Address Wei's feedback.

wmi added inline comments.Dec 2 2020, 12:34 PM
llvm/lib/Transforms/IPO/SampleContextTracker.cpp
374

I see, thanks. After compiler decides it won't inline at some callsite, the profile for the callsite will be promoted and some context information will be loss. This seems to assume the inlining happens in top-down order and happens only once. I remember the CSSPGO profile will be used to drive CGSCC Inliner in the future. CGSCC Inliner will need to do the inlining iteratively so how it supposes to work with profile promotion?

wenlei added inline comments.Dec 2 2020, 1:38 PM
llvm/lib/Transforms/IPO/SampleContextTracker.cpp
374

You're right that it currently assumes top-down order - that is the best way to leverage context sensitive profile. If we try to use CSSPGO profile to drive SCC inline, bottom-up order and iterative nature are two key differences.

The bottom-up inlining means we can't promote context profile by moving them to be under root, instead, we will need to copy (and merge) context profile into the base profile under root. For the same example A->B->C, with SCC inline, we could end up processing B first before A. When processing B, we promote the not inlined context profile of B to be under root (B->C), and merge them together into a base profile of B. However, we still need to keep the original context profile tree (A->B->C) so later when we processing A, we will still see the B and C under A.

Actually the promotion happens when we try to access a function's base profile (getBaseSamplesFor calls promoteMergeContextSamplesTree for each not inlined context profile), so the difference between top-down and bottom-up inline is more about accuracy - with bottom-up inline, when getting base profile for B, we'd assume none of B's call sites is inlined even if later A inlines B.
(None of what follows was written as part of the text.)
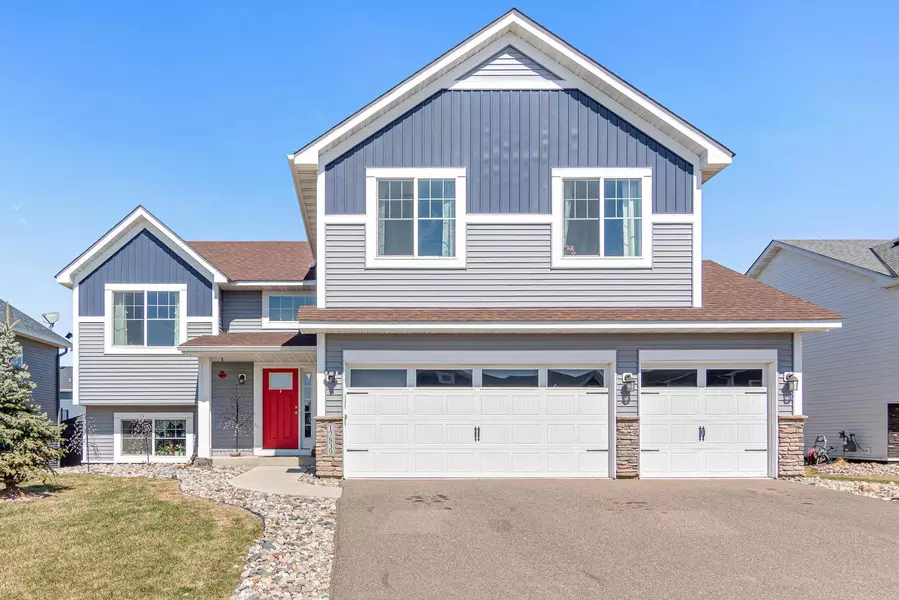 17839 Essex LN, Lakeville, MN 55044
For iterative inlining, we can getBaseSamplesFor every time we process a function again to redo the promotion and merge based on the up-to-date inline decisions. E.g. if we process B then A (which inlines B), then B again, the 2nd time we process B, we would not merge the B under A into B's current base profile, which makes the profile more accurate than first pass over B. (But it's still not as good as top-down inline because even if we can unmerge context profile, we can't undo inlining).

wmi added inline comments.Dec 2 2020, 3:09 PM
llvm/lib/Transforms/IPO/SampleContextTracker.cpp
374

Thanks for the detailed explanation. That makes sense to me.
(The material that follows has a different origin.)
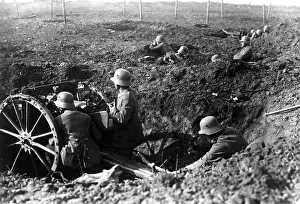 Canon: German soldiers in fighting position at the Western Front, 1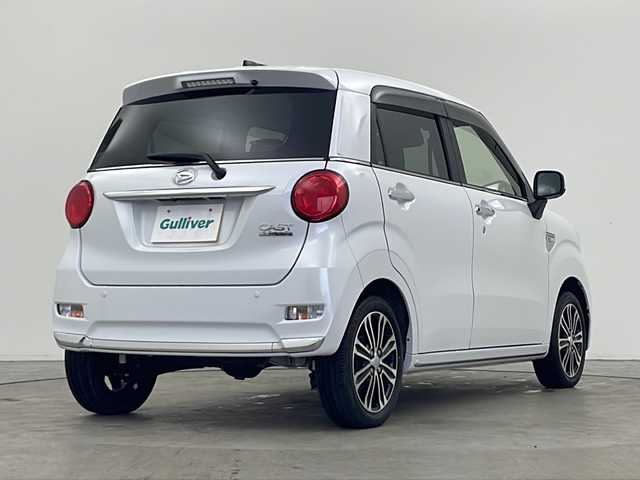 ダイハツ キャスト スタイル G VS SAⅢ 秋田県 2023(令5)年 2.2万km シャイニングホワイトパール 4WD/純正ナビ/（FM/AM/フルセグTV/Bluetooth/DVD/CD）/全方位カメラ/バックカメラ/横滑り防止装置/レーンキープアシスト/衝突軽減装置/コーナーセンサー/アイドリングストップ/ETC/ステアリングリモコン/前席シートヒーター/LEDヘッドライト/オートライト/オートハイビーム/ヘッドライトレベライザー/プッシュスタート/スマートキー/純正アルミホイール/純正フロアマット/ドアバイザー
Talking about the profile permotion and merging, if function is still hot after the inlining of all its callsites has been decided, and if it still has different profiles under different contexts, it may be interesting to clone the function so we can still apply the context sensitive profile in group. It will be interesting to have some support to compare profiles under different contexts and split them into groups. I feel the full context sensitive profile opens up some new opportunity we can explore by maximizing its usage in the future.

wmi accepted this revision.Dec 2 2020, 3:09 PM

LGTM.

This revision is now accepted and ready to land.Dec 2 2020, 3:09 PM
wenlei added inline comments.Dec 2 2020, 6:53 PM
llvm/lib/Transforms/IPO/SampleContextTracker.cpp
374

Yeah, that's a good point. We're also thinking about cloning as it's something clang is still behind gcc.

I think it will take some time before we fully leverage the new opportunities. I will send another patch for priority based top-down inlining with CSSPGO, with that more inlining will be done during early top-down inline, but it will take more effort to rebalance inline between sample loader vs CGSCC.

This revision was landed with ongoing or failed builds.Dec 6 2020, 12:12 PM
This revision was automatically updated to reflect the committed changes.